Frank sighed. The boy had a point. That was the trouble with social workers and the like, always trying to impose their values onto other people. Why the hell couldn't they just accept human beings at their face value? Peter was apparently at his happiest doing his own thing, eating and sleeping when he liked. He seemed to have done pretty well on it. They had no right to make him like them, none at all.

‘The trouble is,' Frank said, now. ‘You are an absconder, a runner, as you call it. I'm breaking the law just by having you in here.'

‘I'll bloody well go, then,' stormed Peter, jumping to his feet. His eyes blazed with anger and with hurt.

Frank laid his hand on the boy's shoulder.

‘Calm down! I wouldn't have asked you here if I hadn't wanted to help.'

Peter was placated.

‘Sorry, Frank. I'm just jumpy. I've been sleeping rough for the last few days. Then, yesterday, when I went to the Supermarket, the police were there, waiting for me. I gave them the slip but I can't go back there again. I wouldn't mind but they owe me a week's wages.'

‘What are you going to do, then?' asked Frank.

‘I've got another job, at a farm five or six miles inland. The farmer says I can sleep in the barn. At least I'll be warm for a while.'

He crossed slowly to the front door and looked back at Frank.

‘You won't turn me in, will you?'

Frank shook his head.

‘No, Peter, I won't do that. You've got a right to live your own life, I suppose. I still think you'd be better off going back to school—to that Assessment Centre place. You're still only fourteen years old, you know. You still need someone to look after you.'

Frank paused; for some strange, inexplicable reason the image of his dead wife flashed swiftly across his mind.

‘Everybody,' he murmured, ‘everybody needs someone.'

‘I've got you, haven't I?' said Peter.

For some time after the boy had left Frank pondered on Peter's remark. He hadn't thought of it before—at least, not coldly or dispassionately—but he did care about the boy. Somehow, Peter seemed to fill a gap in his life. Almost without knowing it he had been looking forward to their daily meetings on the beach, needing them as much, if not more, than the boy himself. Peter should be reported to the police, should be sent back to the Assessment Centre. But he knew he did not have the slightest intention of turning him in.

Since his wife had died Frank had led a lonely, isolated existence. They had had no children and their friends and acquaintances in the town were no use at the times when loneliness hit hardest—that early morning hour, for instance, when there was nothing to do except sit and smoke.

‘Yes, laddie,' Frank mumbled to himself. ‘You have got me.'

*      *      *

For four weeks all went well. Each Tuesday, his day off, Peter came over to see the old man. Sometimes they sat quietly on the beach, talking and throwing stones into the ever encroaching tide. At other times they went on long, exhausting walks around the coast. One day, sitting on a cliff, high over the rolling Atlantic, Peter lay back and smiled.

‘This is good,' he sighed. ‘This is what life is all about.'

‘You should be in school', said Frank.

‘Why? They can't teach me anything I can't teach myself. And then, you help me.'

Frank laughed.

‘What the devil have I taught you?' he asked.
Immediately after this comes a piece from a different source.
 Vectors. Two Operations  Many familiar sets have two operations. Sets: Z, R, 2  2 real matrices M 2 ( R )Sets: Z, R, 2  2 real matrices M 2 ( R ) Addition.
‘Lots. You've taught me all about the sea and country. How to light fires, how to cook rabbits—all sorts of things. And that book you loaned me—I've read it.'

Frank grinned and lit his pipe.

"‘That book" was the "Collected Poems" of Dylan Thomas. What did you think of it?'

‘I don't know,' said Peter. ‘Some of it was very beautiful. But there were parts of it I couldn't understand.'

‘There are parts of it no-one can understand,' said Frank. ‘Don't let that worry you. I've always liked poetry—all my life. Now I've retired I don't seem to read much else. And that's something worth remembering, lad. Whatever they say to you, whatever you have to do to keep body and soul together, you can still be your own man. At the end of the day you're the one who makes the decisions. Nobody else.' Peter looked puzzled.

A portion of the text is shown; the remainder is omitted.